Print the data exactly as written, but leave out each picture.

_Collected material_.
● ● ●

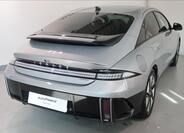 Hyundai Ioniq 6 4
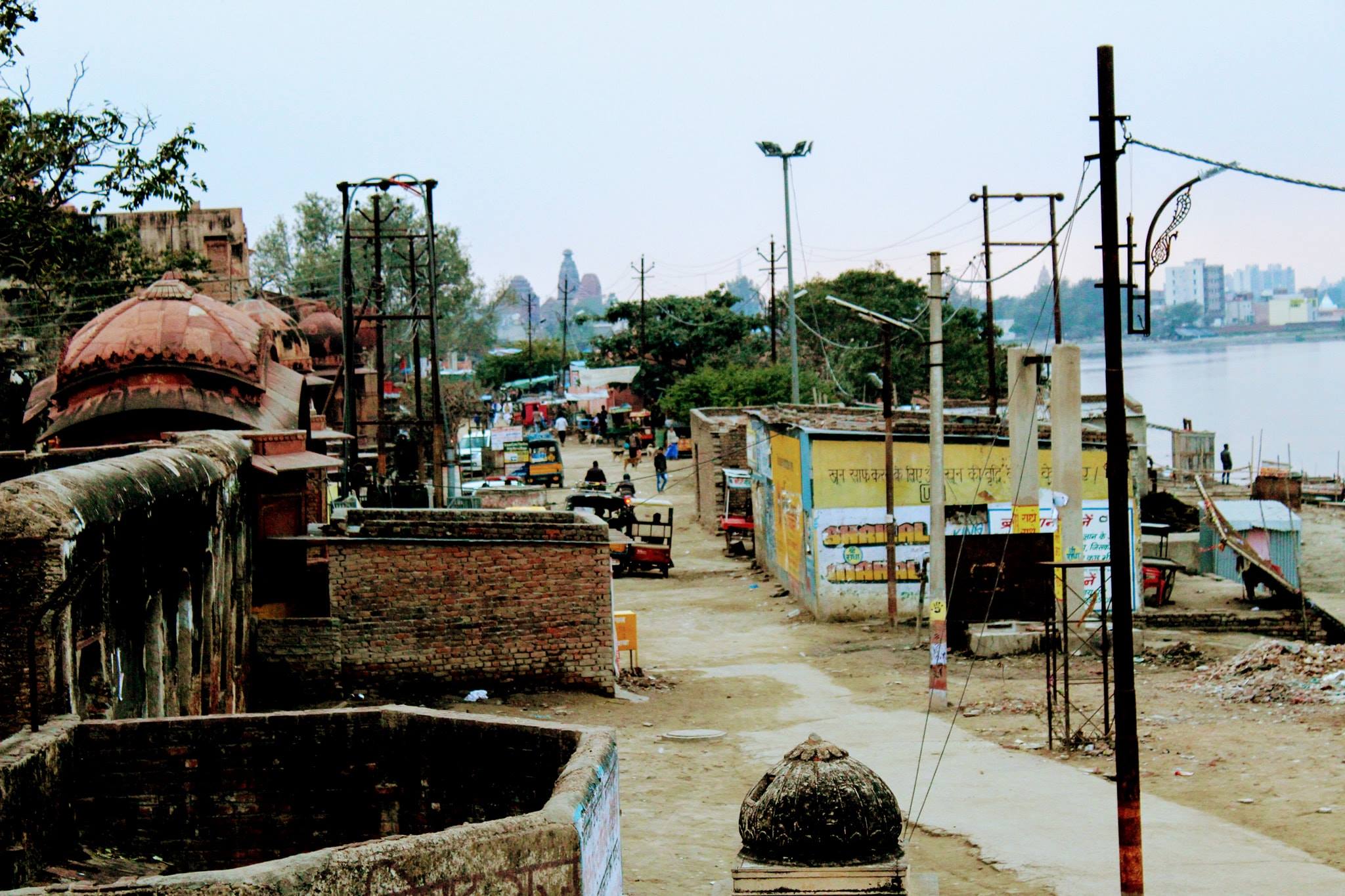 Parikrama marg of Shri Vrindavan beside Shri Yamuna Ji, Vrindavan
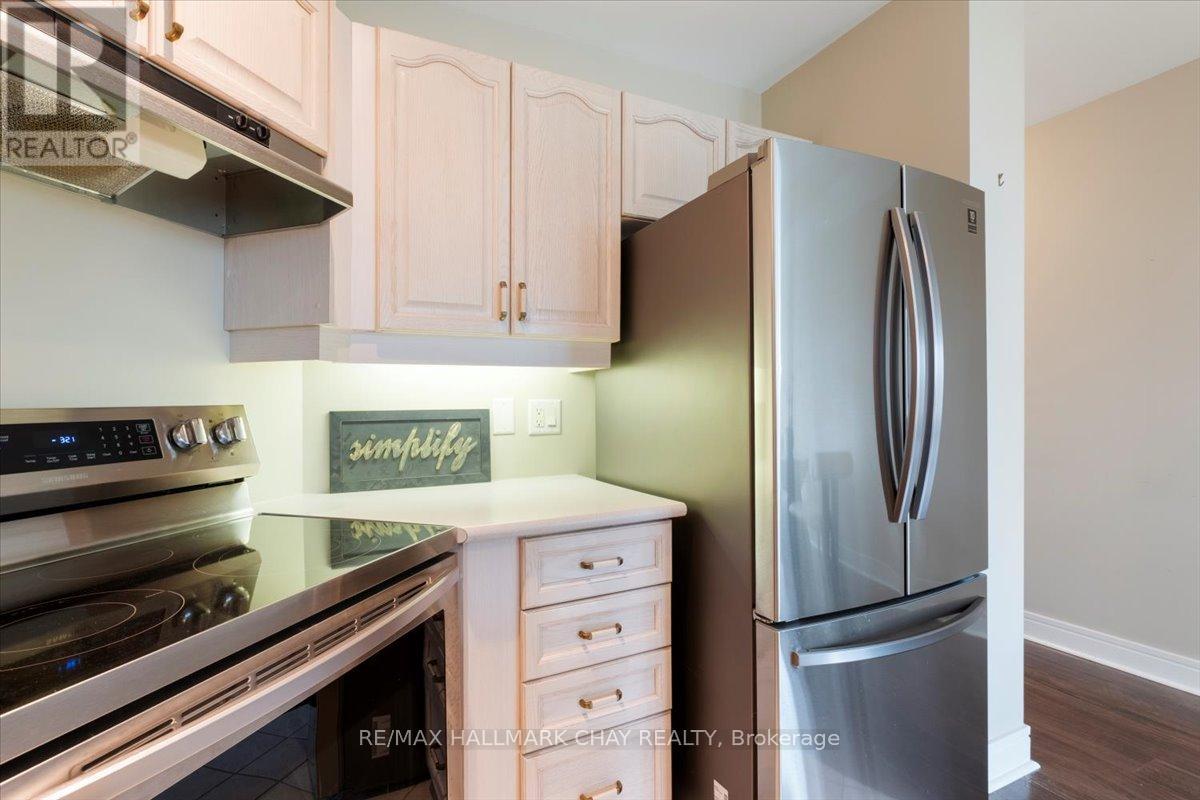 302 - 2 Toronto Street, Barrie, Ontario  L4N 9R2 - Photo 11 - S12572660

● ● ●

_Response area_.
 Hyundai Ioniq 6 4
 Parikrama marg of Shri Vrindavan beside Shri Yamuna Ji, Vrindavan
 302 - 2 Toronto Street, Barrie, Ontario  L4N 9R2 - Photo 11 - S12572660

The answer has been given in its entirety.